***** DATA FOR THIS TASK

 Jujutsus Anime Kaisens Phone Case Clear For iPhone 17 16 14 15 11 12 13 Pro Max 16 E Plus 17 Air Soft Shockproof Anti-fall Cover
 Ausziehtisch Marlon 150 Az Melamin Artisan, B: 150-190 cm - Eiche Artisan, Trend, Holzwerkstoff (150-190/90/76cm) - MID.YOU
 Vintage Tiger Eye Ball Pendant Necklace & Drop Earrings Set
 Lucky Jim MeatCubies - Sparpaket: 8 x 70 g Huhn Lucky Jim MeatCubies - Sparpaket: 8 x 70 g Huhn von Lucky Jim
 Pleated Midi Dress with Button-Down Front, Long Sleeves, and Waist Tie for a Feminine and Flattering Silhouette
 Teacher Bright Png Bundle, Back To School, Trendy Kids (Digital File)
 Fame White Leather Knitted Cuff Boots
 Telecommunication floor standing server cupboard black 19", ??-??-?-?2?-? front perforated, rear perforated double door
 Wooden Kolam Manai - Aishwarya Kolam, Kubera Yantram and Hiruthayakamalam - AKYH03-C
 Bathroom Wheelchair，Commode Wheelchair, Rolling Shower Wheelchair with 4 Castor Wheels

**********

WHAT IS NEEDED: Repeat each line of the data above, exactly as it appears, from the first through the line that contains "Ausziehtisch Marlon 150".

SOLUTION FOR THIS EXERCISE:
 Jujutsus Anime Kaisens Phone Case Clear For iPhone 17 16 14 15 11 12 13 Pro Max 16 E Plus 17 Air Soft Shockproof Anti-fall Cover
 Ausziehtisch Marlon 150 Az Melamin Artisan, B: 150-190 cm - Eiche Artisan, Trend, Holzwerkstoff (150-190/90/76cm) - MID.YOU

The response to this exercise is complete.